Crucially you do not repay 9% of your whole salary. Earn exactly £25,000 or less and you repay nothing at all. Repayments come straight out of your pay through PAYE, so you don't have to set anything up yourself.

Why the interest rate is good news

Plan 5 charges interest at RPI only — that's the Retail Prices Index measure of inflation, set at 3.2% for the year to August 2026. Unlike Plan 2, there's no extra 3% premium stacked on top.

That said, the interest barely matters for most people. Because the loan is written off after 40 years regardless of the balance, the vast majority of graduates never clear it.

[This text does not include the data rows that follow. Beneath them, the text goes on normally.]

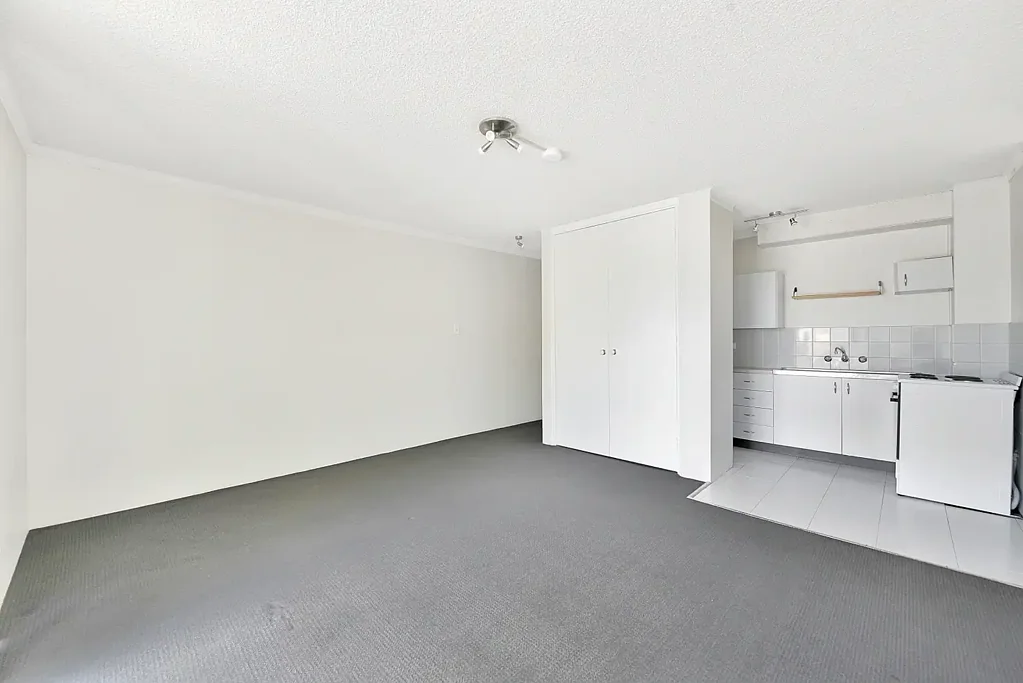 Sunny One Bedroom Apartment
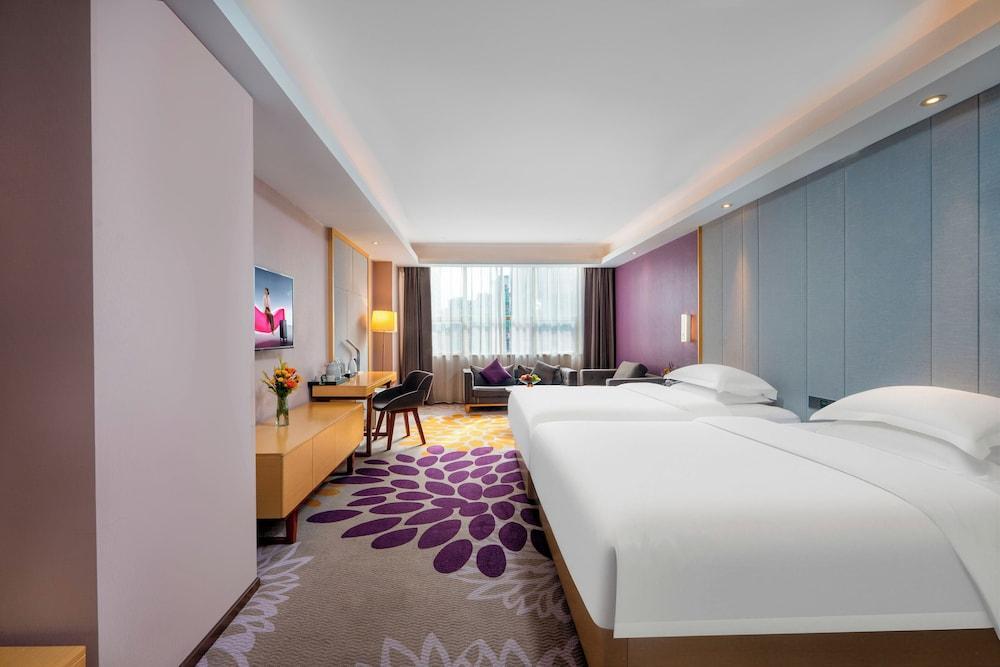 Trendy Romantic MAXScreen Hotel Room Type - Luxury Twin Room, City View
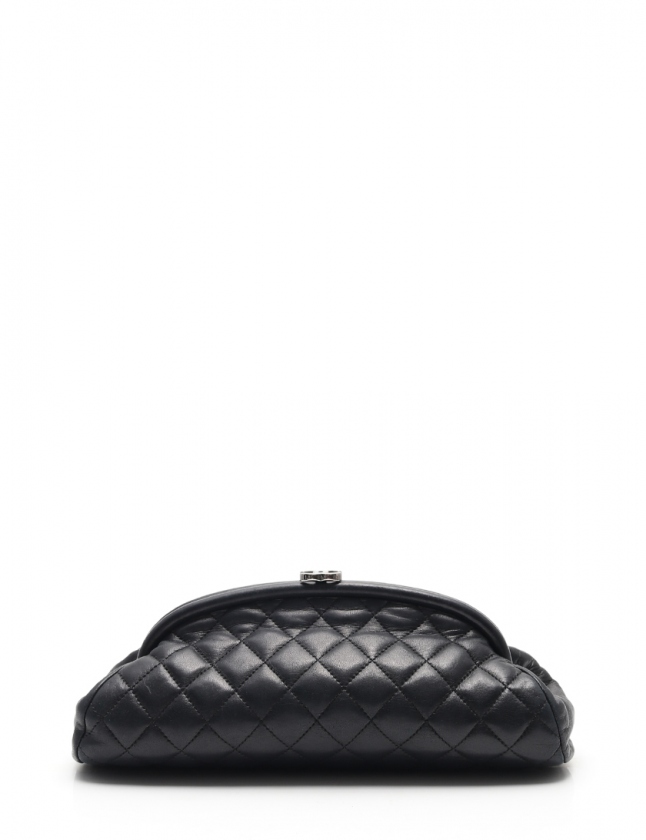 シャネル CHANEL クラッチバッグ マトラッセ 黒 ラムスキン がま口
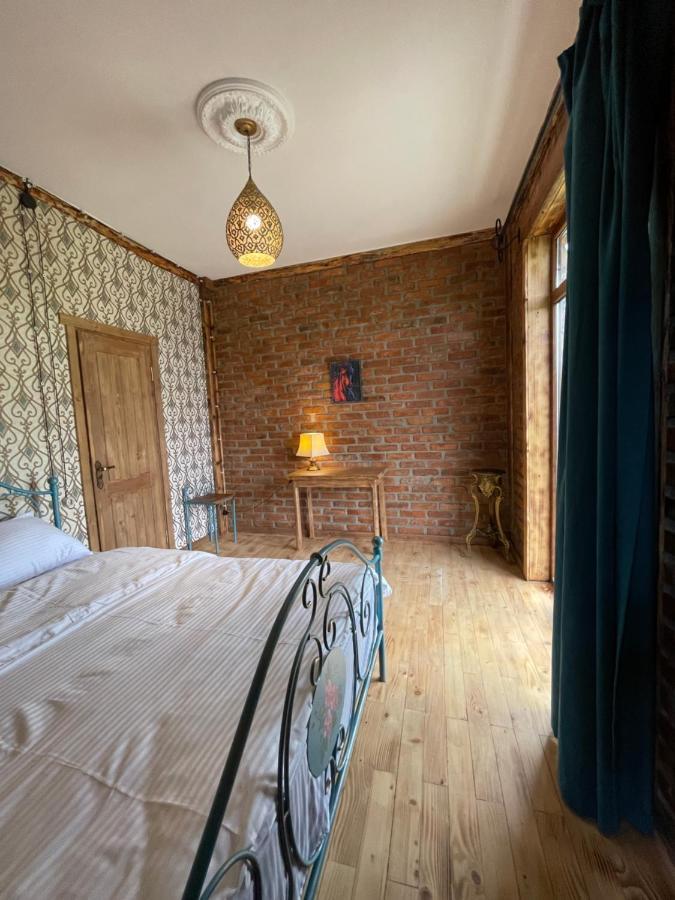 Odo'S Guest House Martvili Esterno foto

What you repay each month depends only on your salary, not on how much interest has built up.

FAQ

Frequently Asked Questions

Do I have to pay back my student loan if I never earn much? +
No. Repayments only kick in once you earn over £25,000 a year, and they stop automatically if your income drops below that. Whatever is left after 40 years gets written off completely, so if you're a low earner for most of your career you may never repay the full amount.
Will my student loan show up on my credit score? +
No, UK student loans don't appear on your credit file and don't affect your credit score directly. Lenders can't see your balance. However, mortgage lenders may ask about your monthly repayment as part of affordability checks, because it reduces your take-home pay.
Should I overpay my Plan 5 loan? +
For most people, no. Since the loan is written off after 40 years and repayments are based on income rather than the balance, overpaying only makes sense if you're a high earner certain to clear the whole loan before then. Otherwise you'd be repaying money that would have been wiped anyway.

This article is for informational purposes only and does not constitute financial advice. Always do your own research or speak to a qualified financial adviser before making financial decisions.